The trip back to the VAB makes it the third back-and-forth trip for the rocket, which previously headed to Launch Pad 39-B for two wet dress rehearsal tanking tests in the spring, and then most recently rolled back out for attempts to send the rocket up on its first ever flight.

A series of issues at the pad during countdown forced NASA to scrub two launch attempts. Teams had done repair work on the pad, though, this month after the most recent scrub Sept. 3 and were gearing up for a launch attempt today before Hurricane Ian’s threat came calling. Teams took the Sept. 27 window off the board, and then made the final call to protect the hardware, which took the only other opportunity during this launch window — Oct. 2 —off the board.

By electing to roll back to the VAB, NASA will be able to take care of some battery recharging activities including the flight termination system as well as some of the rideshare cubesats that will be deployed when it heads to the moon.

The next available launch windows run from Oct. 17-31, Nov. 12-27 and Dec. 9-23. Each window has only certain days during which the Earth and moon are in the right position for the planned mission.

NASA Administrator Bill Nelson told CNN on Tuesday that the October window would be cutting it close and mid-November was more likely.

That was echoed by NASA’s Jim Free, NASA’s associate administrator for the Exploration Systems Development Mission Directorate.

“I don’t think we’re going to take anything off the table, like I say we need to look at what all the tradeoffs are,” he said noting that work to be done including the flight termination system battery changeout is not simple. “I don’t want to say it’s off the table but I also recognize it’s September 27 and getting back out to the pad and trying to kind of get there may be a challenge. ... I’ve seen this team do challenging things in the past and I won’t write it off but it is going to be difficult.”

Artemis I is an uncrewed mission that combines the mobile launcher, Space Launch System rocket and Orion spacecraft. The SLS’s 8.8 million pounds of thrust at liftoff would become the most powerful rocket to ever launch from Earth besting the Saturn V rockets from the Apollo missions.

The Orion spacecraft will be propelled into a trans-lunar injection during which plans are to send it as far as 280,000 miles away, 40,000 miles farther than the moon.

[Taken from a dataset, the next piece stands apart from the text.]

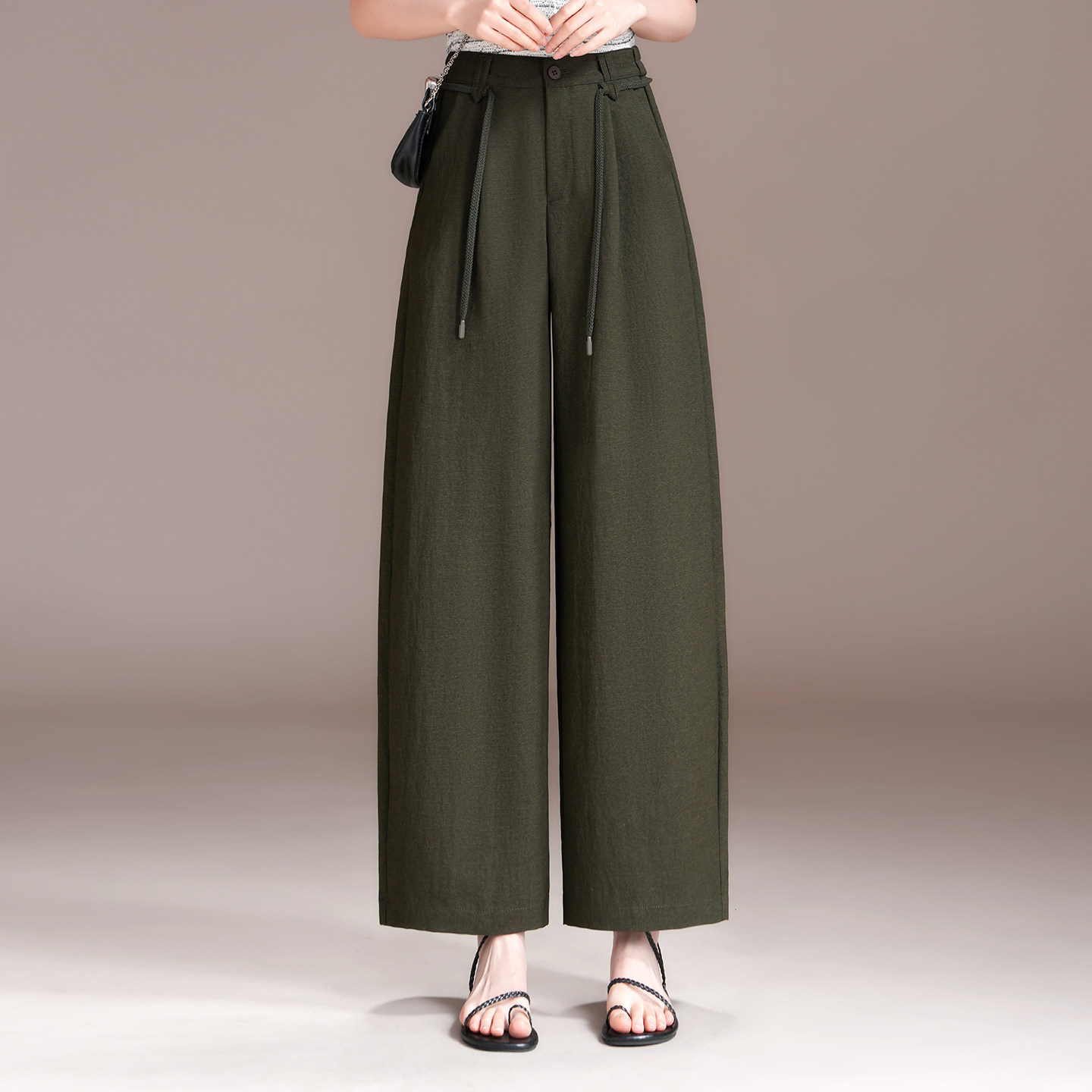 天丝棉时尚弯刀裤女2026春款小个子百搭阔腿显瘦休闲香蕉裤九分裤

It will make several orbits of the moon over several weeks before returning to Earth faster than any human-rated spacecraft has ever attempted re-entry, coming in at 24,500 mph creating heat of 5,000 degrees Fahrenheit.

The goal is to make sure Orion can endure extremes to keep humans safe on future missions. If successful, Artemis II could fly with a crew to orbit the moon in 2024 and Artemis III could fly as early as 2025 to return humans including the first woman to the lunar surface for the first time since Apollo 17 in 1972.